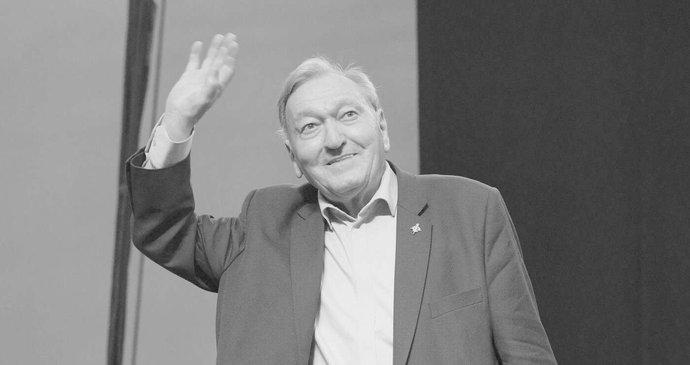 Zemřel záhadolog a spirovatel Erich von Däniken.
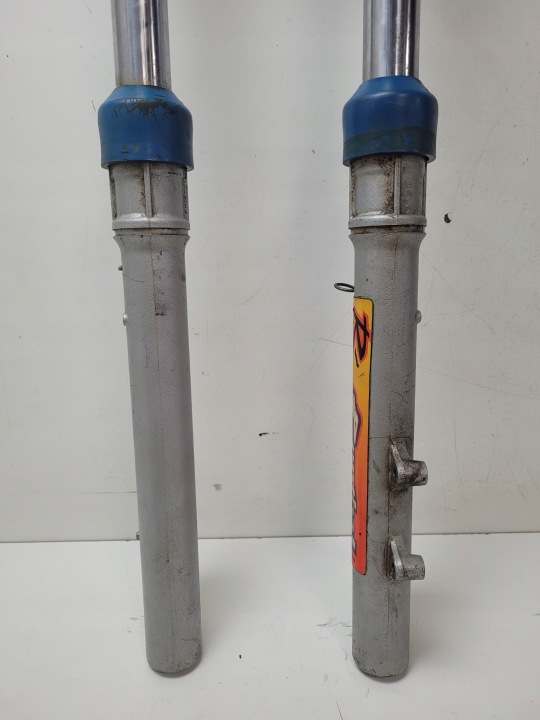 SUZUKI TS125R 1989-94 BIELLETTES SUSPENSION AVANT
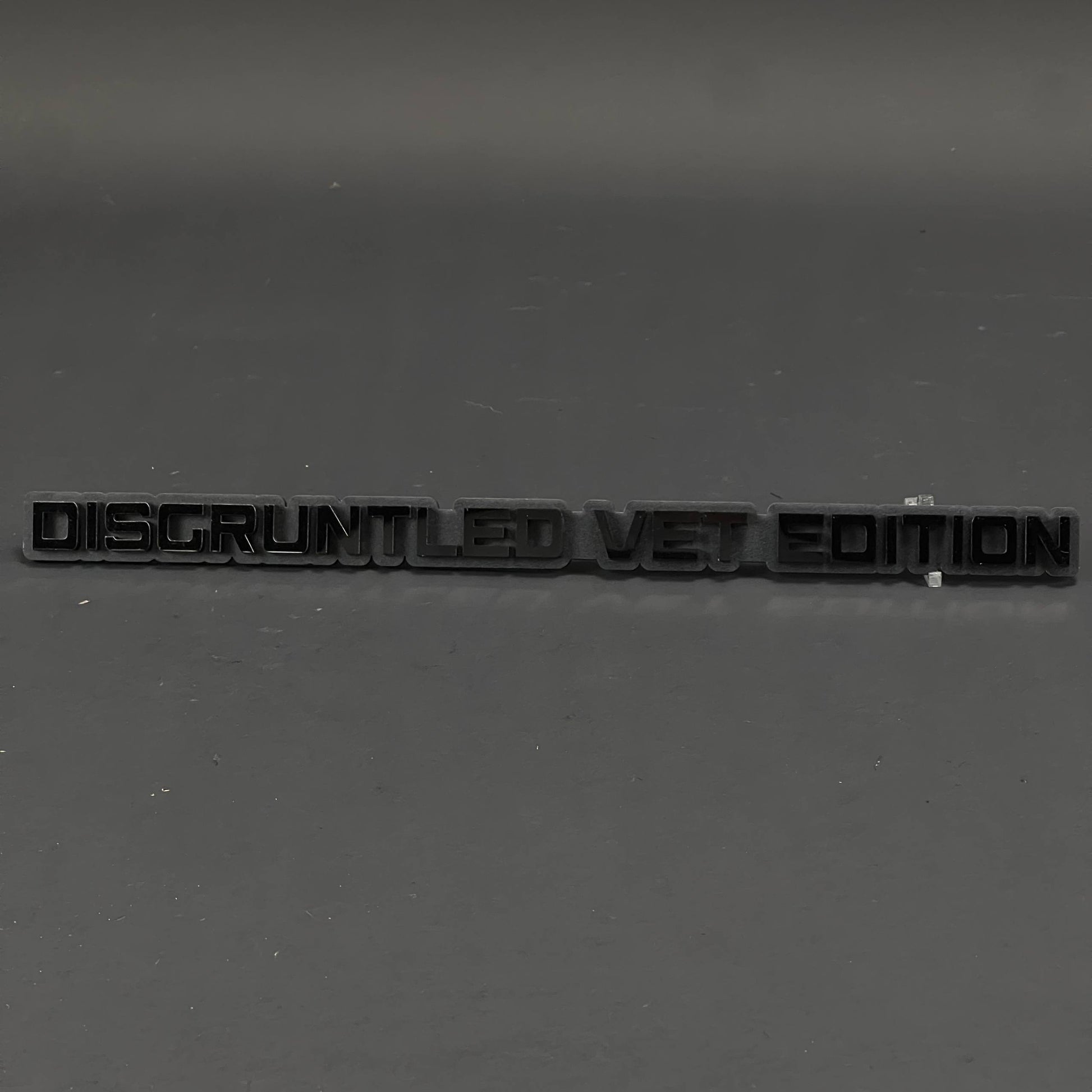 1PC DISGRUNTLED VET EDITION 3D Acrylic Badge - Car Truck Emblem Fender Sticker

# [Work request]
Only the lines starting at the one that holds "SUZUKI TS125R 1989-94" and ending at the last line of the data belong in your answer. Please set them down exactly and omit the pictures.

# [Answer to this task]
 SUZUKI TS125R 1989-94 BIELLETTES SUSPENSION AVANT
 1PC DISGRUNTLED VET EDITION 3D Acrylic Badge - Car Truck Emblem Fender Sticker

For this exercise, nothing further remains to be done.